Below are records; output exactly the lines from the one with "this 1270×952 image." through their final line.

→ **Dataset content**
---

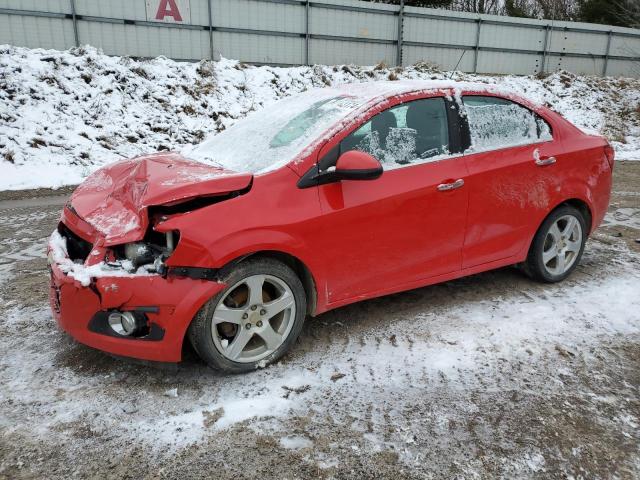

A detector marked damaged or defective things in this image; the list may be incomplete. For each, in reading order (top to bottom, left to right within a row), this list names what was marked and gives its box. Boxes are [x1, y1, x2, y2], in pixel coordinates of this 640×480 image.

crumpled hood [68, 152, 250, 246]
damaged front end [47, 153, 251, 360]
broken front bumper [49, 258, 225, 360]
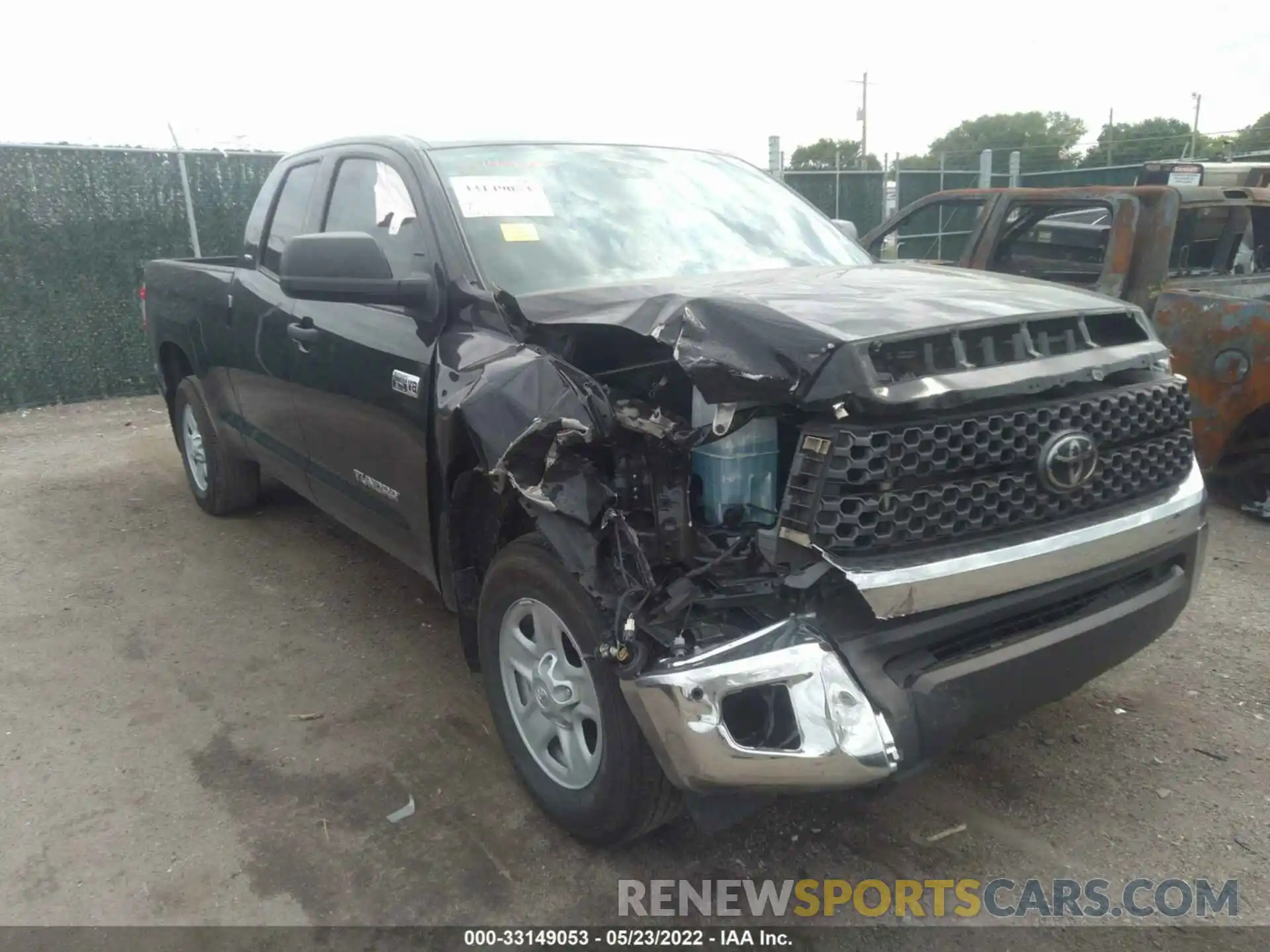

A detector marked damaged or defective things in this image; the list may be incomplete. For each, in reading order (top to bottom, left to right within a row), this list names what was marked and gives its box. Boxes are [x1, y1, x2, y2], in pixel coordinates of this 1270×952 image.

damaged hood [513, 262, 1143, 407]
rusted vehicle [863, 189, 1270, 495]
wrecked engine bay [442, 264, 1185, 735]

---

→ **Your response**
A detector marked damaged or defective things in this image; the list may be incomplete. For each, in reading order (top to bottom, left to right within a row), this list names what was marked and gives its box. Boxes are [x1, y1, x2, y2], in pixel coordinates of this 1270×952 image.

damaged hood [513, 262, 1143, 407]
rusted vehicle [863, 189, 1270, 495]
wrecked engine bay [442, 264, 1185, 735]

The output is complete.